● **Given records**:

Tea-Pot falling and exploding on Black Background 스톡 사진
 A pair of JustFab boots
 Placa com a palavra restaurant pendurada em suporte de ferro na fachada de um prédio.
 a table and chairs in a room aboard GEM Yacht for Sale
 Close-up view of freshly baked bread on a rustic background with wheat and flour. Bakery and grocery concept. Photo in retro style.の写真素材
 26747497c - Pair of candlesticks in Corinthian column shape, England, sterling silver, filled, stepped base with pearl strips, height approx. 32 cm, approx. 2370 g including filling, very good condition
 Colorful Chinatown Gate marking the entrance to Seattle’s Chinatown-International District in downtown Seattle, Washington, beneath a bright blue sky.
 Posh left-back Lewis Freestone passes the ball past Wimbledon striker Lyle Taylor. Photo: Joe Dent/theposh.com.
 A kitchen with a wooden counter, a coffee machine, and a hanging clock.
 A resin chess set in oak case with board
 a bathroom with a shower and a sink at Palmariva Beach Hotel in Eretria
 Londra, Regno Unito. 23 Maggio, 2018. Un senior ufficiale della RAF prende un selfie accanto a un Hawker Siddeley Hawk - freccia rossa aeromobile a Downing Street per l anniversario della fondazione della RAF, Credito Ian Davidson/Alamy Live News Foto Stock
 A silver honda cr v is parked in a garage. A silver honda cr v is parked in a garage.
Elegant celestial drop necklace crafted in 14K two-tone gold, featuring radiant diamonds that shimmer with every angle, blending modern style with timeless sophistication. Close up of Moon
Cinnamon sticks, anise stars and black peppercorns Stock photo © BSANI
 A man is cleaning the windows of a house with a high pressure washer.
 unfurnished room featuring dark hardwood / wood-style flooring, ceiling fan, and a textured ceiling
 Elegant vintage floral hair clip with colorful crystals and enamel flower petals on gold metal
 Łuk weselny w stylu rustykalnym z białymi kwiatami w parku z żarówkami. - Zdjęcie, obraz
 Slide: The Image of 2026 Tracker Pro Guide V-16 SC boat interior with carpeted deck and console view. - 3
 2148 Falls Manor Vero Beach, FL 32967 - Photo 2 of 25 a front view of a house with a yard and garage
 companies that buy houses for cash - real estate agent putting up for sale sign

● **The task**: Each entry must appear again in the answer exactly as written.

● **Answer to the exercise**:
Tea-Pot falling and exploding on Black Background 스톡 사진
 A pair of JustFab boots
 Placa com a palavra restaurant pendurada em suporte de ferro na fachada de um prédio.
 a table and chairs in a room aboard GEM Yacht for Sale
 Close-up view of freshly baked bread on a rustic background with wheat and flour. Bakery and grocery concept. Photo in retro style.の写真素材
 26747497c - Pair of candlesticks in Corinthian column shape, England, sterling silver, filled, stepped base with pearl strips, height approx. 32 cm, approx. 2370 g including filling, very good condition
 Colorful Chinatown Gate marking the entrance to Seattle’s Chinatown-International District in downtown Seattle, Washington, beneath a bright blue sky.
 Posh left-back Lewis Freestone passes the ball past Wimbledon striker Lyle Taylor. Photo: Joe Dent/theposh.com.
 A kitchen with a wooden counter, a coffee machine, and a hanging clock.
 A resin chess set in oak case with board
 a bathroom with a shower and a sink at Palmariva Beach Hotel in Eretria
 Londra, Regno Unito. 23 Maggio, 2018. Un senior ufficiale della RAF prende un selfie accanto a un Hawker Siddeley Hawk - freccia rossa aeromobile a Downing Street per l anniversario della fondazione della RAF, Credito Ian Davidson/Alamy Live News Foto Stock
 A silver honda cr v is parked in a garage. A silver honda cr v is parked in a garage.
Elegant celestial drop necklace crafted in 14K two-tone gold, featuring radiant diamonds that shimmer with every angle, blending modern style with timeless sophistication. Close up of Moon
Cinnamon sticks, anise stars and black peppercorns Stock photo © BSANI
 A man is cleaning the windows of a house with a high pressure washer.
 unfurnished room featuring dark hardwood / wood-style flooring, ceiling fan, and a textured ceiling
 Elegant vintage floral hair clip with colorful crystals and enamel flower petals on gold metal
 Łuk weselny w stylu rustykalnym z białymi kwiatami w parku z żarówkami. - Zdjęcie, obraz
 Slide: The Image of 2026 Tracker Pro Guide V-16 SC boat interior with carpeted deck and console view. - 3
 2148 Falls Manor Vero Beach, FL 32967 - Photo 2 of 25 a front view of a house with a yard and garage
 companies that buy houses for cash - real estate agent putting up for sale sign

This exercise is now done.